• [Task instructions]: At the line containing "APRILIA RS660", begin retyping, and stop after the last line of the data; add nothing.

[Items from a dataset]
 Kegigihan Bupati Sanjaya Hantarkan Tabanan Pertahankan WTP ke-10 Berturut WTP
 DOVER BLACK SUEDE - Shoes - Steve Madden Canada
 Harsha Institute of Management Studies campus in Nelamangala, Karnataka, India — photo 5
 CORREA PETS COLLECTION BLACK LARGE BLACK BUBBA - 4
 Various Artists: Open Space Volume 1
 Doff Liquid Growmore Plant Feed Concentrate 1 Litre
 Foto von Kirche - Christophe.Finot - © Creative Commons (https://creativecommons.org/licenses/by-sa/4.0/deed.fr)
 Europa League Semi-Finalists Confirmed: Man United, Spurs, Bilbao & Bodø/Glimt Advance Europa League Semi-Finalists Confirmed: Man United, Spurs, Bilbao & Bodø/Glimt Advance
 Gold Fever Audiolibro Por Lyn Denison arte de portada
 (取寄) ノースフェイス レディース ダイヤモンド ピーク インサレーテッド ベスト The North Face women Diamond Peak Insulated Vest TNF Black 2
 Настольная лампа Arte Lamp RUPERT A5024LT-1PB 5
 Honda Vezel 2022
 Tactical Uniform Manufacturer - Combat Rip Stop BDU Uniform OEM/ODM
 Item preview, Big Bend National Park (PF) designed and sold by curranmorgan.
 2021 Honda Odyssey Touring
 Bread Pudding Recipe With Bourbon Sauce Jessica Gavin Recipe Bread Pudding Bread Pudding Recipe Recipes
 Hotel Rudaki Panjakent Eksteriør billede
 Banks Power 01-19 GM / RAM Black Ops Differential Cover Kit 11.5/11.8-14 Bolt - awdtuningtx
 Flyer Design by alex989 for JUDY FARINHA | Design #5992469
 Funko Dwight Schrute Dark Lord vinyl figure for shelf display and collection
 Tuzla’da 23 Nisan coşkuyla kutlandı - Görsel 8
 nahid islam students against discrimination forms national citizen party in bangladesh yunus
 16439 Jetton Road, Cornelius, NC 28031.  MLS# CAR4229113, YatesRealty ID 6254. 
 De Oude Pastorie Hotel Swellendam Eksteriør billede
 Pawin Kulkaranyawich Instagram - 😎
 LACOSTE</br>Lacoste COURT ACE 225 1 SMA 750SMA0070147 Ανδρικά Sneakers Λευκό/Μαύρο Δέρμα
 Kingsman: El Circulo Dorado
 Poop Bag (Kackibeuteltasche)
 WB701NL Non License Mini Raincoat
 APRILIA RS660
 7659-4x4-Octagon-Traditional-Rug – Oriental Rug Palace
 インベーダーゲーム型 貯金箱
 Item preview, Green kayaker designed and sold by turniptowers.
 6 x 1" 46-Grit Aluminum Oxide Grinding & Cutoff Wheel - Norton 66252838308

• [Task output]:
 APRILIA RS660
 7659-4x4-Octagon-Traditional-Rug – Oriental Rug Palace
 インベーダーゲーム型 貯金箱
 Item preview, Green kayaker designed and sold by turniptowers.
 6 x 1" 46-Grit Aluminum Oxide Grinding & Cutoff Wheel - Norton 66252838308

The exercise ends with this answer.